=== MATERIAL FOR THIS TASK ===
-------

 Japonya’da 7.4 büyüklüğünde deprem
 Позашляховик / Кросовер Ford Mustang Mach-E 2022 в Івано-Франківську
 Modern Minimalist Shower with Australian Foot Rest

-------

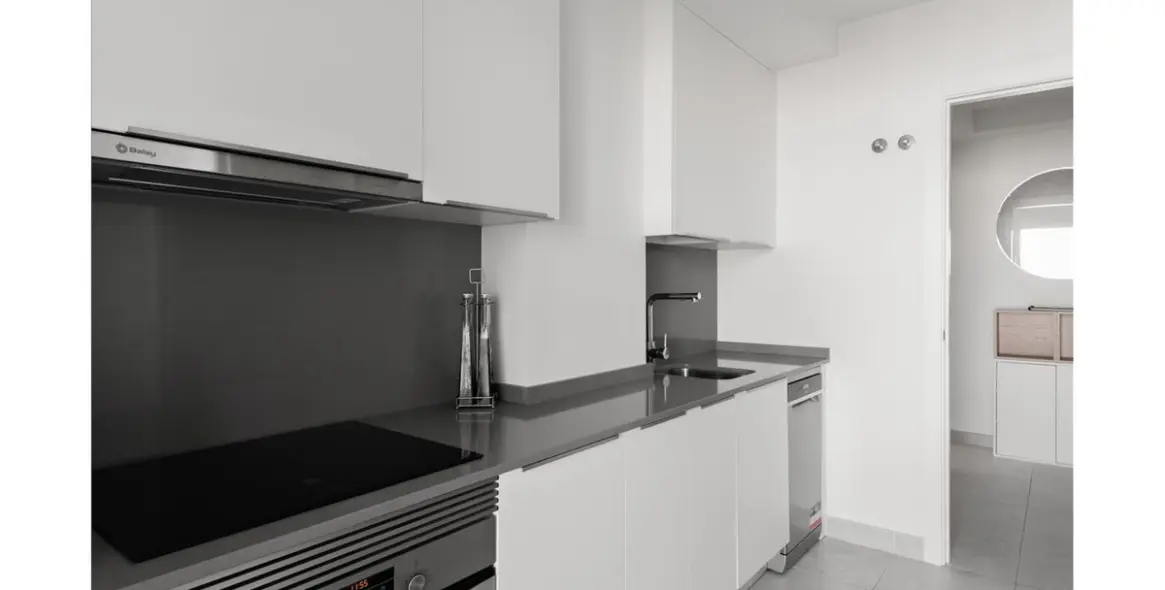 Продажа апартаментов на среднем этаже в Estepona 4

-------

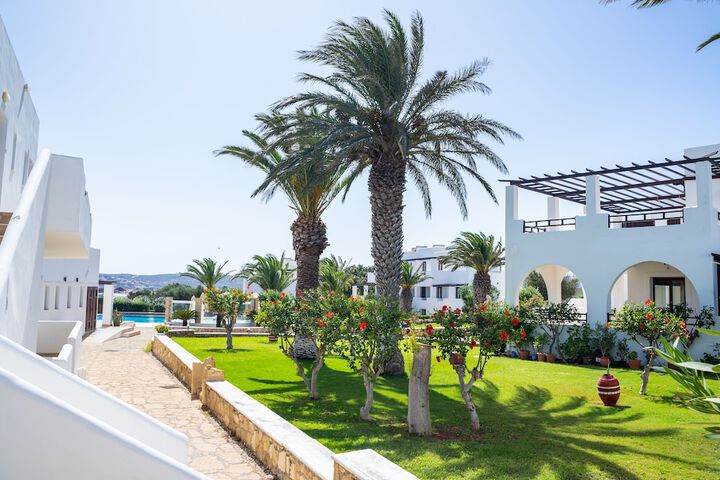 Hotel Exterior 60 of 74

-------

=== WORK TO BE COMPLETED ===
From the line that has "Позашляховик / Кросовер" through the line that has "Modern Minimalist Shower", copy every line exactly as it appears above, and leave out all others.

=== RESULT OF THIS EXERCISE ===
 Позашляховик / Кросовер Ford Mustang Mach-E 2022 в Івано-Франківську
 Modern Minimalist Shower with Australian Foot Rest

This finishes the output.